In general I agree with the preceding - except the last sentence. While
the programmer might have some difficulty figuring out where something
is defined, the compiler will do it successfully - or throw an error and
exit.

Somewhere you mentioned assuming that sizeof(int)==sizeof(float).

It might be true on your machine, but not on the machine someone else
wants to run your program on.

It might also be dependent on the exact representation of int and
float on a machine, including endianness.

In the specific application a data file consisting of about 100 types of
records is read into a char buffer in memory, and that is traversed
record by record using a (char *) pointer. In all instances the
structure corresponding to each record is known when the compiler does
its work. The code is basically just this sort of thing:

char *cptr;
...processing input in a loop ...
COMMON_PREFIX *pre = (COMMON_PREFIX *)cptr;
switch (pre->type){
... other cases ...
case RECORDTYPE32:
{
RTYPE32 *prec = (RTYPE32 *) cptr;
// access fields via prec structure
break;
}
... other cases ...
}
cptr += pre->recordsize;

Often enough, I am lazy, know it only needs to work on one specific
machine, and just do it.

where the structures for COMMON_PREFIX and RTYPE32 and the value for
RECORDTYPE32 will not change at run time. In this context, I just do
not see see how the C style casts are in any way more dangerous than the
C++ style casts. The only major complication in this approach concerns
the proper alignment of the structs, and both types of casts will have
the same issues with that.

The way to get around alignment is to memcpy() to/from appropriately
aligned fields. It takes a little more work, but can sometimes be
automated. There is, for example XDR which is designed specifically
for transfering data between dissimilar machines.

-- glen

James Kuyper · Mar 19, 2013

In general I agree with the preceding - except the last sentence. While
the programmer might have some difficulty figuring out where something
is defined, the compiler will do it successfully - or throw an error and
exit.

I was thinking primarily about the human difficulties, not the computer
ones, and not all of the mistakes that can be made by humans due to
being unsure of a data type result in situations where a diagnostic is
required. For instance, a typedef for an unsigned type that might or
might not be smaller than 'int', depending upon which platform it's
compiled on, could leave a programmer uncertain whether the usual
arithmetic conversions will cause a given expression to be evaluated
using signed or unsigned arithmetic. There's no guarantee that making a
mistake about that issue will result in code for which a diagnostic is
required. Using the size-named types that were introduced in C99 is
another potential source for similar uncertainties.

In the specific application a data file consisting of about 100 types of
records is read into a char buffer in memory, and that is traversed
record by record using a (char *) pointer. In all instances the
structure corresponding to each record is known when the compiler does
its work. The code is basically just this sort of thing:

char *cptr;
...processing input in a loop ...
COMMON_PREFIX *pre = (COMMON_PREFIX *)cptr;

Well-motivated and widely followed coding conventions reserve names in
all caps for macros; but the context suggests that COMMON_PREFIX should
instead be a typedef.

switch (pre->type){
... other cases ...
case RECORDTYPE32:
{
RTYPE32 *prec = (RTYPE32 *) cptr;

A lot of potential problems with such code become less clear when the
relationship between COMMON_PREFIX an RTYPE32 is unknown.
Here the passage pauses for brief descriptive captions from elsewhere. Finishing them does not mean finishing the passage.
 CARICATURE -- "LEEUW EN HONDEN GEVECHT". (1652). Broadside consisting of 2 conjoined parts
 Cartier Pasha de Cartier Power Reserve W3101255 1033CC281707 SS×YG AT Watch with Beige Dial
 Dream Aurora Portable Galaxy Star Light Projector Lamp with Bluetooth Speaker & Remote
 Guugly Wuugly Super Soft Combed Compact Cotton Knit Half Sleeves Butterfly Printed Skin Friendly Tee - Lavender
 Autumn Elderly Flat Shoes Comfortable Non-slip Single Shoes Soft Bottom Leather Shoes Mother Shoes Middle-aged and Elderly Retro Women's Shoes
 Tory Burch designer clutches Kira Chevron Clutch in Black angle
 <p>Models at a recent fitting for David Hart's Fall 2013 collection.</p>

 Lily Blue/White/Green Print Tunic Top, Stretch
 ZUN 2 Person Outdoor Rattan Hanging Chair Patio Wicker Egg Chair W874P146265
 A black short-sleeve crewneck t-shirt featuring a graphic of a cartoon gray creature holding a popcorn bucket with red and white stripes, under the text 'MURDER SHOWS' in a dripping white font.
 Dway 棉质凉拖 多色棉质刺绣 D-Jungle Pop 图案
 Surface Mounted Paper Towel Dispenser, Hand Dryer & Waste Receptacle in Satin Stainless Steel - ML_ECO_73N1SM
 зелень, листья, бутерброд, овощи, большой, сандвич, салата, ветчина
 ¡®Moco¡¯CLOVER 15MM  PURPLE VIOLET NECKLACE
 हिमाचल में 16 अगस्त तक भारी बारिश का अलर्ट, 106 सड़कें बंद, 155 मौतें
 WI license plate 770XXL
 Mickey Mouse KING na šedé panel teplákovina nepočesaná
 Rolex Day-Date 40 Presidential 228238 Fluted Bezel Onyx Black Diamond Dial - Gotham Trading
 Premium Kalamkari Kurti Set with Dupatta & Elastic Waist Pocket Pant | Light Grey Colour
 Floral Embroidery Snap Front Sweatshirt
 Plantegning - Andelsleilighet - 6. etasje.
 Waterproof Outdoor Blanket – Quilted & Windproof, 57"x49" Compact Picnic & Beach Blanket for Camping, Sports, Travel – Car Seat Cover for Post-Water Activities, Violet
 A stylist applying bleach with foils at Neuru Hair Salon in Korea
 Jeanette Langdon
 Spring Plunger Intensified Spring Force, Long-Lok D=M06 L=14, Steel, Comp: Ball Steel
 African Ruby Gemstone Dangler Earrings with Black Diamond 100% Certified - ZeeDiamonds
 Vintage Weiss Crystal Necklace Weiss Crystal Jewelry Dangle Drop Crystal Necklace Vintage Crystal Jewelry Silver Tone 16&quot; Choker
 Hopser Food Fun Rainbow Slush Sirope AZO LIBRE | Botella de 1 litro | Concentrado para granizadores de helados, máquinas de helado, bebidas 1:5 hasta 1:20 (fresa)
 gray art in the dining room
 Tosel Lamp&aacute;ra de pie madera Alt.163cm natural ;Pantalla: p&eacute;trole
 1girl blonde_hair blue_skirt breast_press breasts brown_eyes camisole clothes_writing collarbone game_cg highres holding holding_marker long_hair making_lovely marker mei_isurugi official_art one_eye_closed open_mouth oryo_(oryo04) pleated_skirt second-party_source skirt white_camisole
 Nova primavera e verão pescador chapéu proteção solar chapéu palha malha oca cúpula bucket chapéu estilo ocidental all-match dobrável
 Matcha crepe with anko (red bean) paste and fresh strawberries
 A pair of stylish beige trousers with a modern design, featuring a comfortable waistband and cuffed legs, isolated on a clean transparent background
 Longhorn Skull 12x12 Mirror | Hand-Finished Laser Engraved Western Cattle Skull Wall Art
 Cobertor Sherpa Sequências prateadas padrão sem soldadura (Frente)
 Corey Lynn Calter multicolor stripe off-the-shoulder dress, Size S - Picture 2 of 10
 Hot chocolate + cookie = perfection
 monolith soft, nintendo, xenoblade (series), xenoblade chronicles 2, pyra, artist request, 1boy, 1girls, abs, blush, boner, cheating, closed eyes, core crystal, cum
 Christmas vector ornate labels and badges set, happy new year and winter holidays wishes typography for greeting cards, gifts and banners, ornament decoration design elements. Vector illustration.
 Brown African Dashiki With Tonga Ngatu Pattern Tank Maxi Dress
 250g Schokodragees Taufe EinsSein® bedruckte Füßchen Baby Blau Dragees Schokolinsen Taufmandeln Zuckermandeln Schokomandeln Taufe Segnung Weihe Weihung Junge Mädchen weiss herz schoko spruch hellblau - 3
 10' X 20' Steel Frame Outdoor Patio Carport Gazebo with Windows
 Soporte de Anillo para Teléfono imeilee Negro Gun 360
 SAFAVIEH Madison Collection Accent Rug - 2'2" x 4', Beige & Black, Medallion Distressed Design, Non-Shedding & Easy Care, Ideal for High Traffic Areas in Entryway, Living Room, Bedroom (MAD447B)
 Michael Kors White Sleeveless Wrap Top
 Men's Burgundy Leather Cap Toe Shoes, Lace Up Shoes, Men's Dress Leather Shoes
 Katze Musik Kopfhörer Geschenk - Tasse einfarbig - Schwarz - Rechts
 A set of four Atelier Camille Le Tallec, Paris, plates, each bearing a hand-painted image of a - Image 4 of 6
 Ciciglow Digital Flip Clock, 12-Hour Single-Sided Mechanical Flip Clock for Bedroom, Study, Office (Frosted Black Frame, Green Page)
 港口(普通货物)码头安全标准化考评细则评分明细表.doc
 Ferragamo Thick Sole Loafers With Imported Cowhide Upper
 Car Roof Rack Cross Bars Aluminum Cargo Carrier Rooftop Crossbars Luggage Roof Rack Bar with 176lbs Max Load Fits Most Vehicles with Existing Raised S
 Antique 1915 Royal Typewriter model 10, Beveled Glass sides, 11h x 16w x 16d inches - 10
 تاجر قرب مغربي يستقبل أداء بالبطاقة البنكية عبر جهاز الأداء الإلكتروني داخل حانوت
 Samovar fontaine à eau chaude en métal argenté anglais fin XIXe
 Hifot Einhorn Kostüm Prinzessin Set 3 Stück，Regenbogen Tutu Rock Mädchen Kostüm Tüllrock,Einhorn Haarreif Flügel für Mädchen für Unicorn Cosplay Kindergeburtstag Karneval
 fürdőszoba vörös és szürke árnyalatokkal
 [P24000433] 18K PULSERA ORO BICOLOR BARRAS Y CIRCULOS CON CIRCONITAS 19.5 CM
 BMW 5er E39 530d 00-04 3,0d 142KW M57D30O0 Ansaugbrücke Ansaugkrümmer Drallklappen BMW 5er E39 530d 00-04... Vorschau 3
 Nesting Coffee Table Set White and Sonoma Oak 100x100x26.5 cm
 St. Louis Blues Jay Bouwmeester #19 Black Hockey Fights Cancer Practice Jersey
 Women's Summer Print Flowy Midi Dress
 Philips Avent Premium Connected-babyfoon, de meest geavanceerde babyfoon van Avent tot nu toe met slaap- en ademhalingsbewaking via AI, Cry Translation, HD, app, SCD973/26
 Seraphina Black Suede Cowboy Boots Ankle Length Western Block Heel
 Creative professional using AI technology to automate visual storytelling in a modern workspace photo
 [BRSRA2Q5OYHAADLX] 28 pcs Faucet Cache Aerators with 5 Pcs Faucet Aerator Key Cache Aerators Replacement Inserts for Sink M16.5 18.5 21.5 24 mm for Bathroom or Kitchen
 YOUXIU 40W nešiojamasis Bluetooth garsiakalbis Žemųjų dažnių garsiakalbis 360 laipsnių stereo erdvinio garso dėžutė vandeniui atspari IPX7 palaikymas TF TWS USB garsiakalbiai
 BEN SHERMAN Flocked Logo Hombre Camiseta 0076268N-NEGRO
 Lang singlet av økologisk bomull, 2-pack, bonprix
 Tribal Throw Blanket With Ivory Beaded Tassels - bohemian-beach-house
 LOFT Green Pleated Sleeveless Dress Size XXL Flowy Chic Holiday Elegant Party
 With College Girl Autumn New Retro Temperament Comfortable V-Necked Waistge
// access fields via prec structure
break;
}
... other cases ...
}
cptr += pre->recordsize;

where the structures for COMMON_PREFIX and RTYPE32 and the value for
RECORDTYPE32 will not change at run time. In this context, I just do
not see see how the C style casts are in any way more dangerous than the
C++ style casts. The only major complication in this approach concerns
the proper alignment of the structs, and both types of casts will have
the same issues with that.

I'd wondered in your previous message why you were talking so much about
C++ in a newsgroup devoted to C, but the reason seemed to be that a
discussion in a C++ context got you thinking about a C. That explanation
is getting harder to accept - it looks to me like your primary interest
is C-style casts vs. C++ casts, an issue that can only matter in a C++
context. If that's that case, it really belongs on a C++ newsgroup,
where more people are better qualified to discuss the issue.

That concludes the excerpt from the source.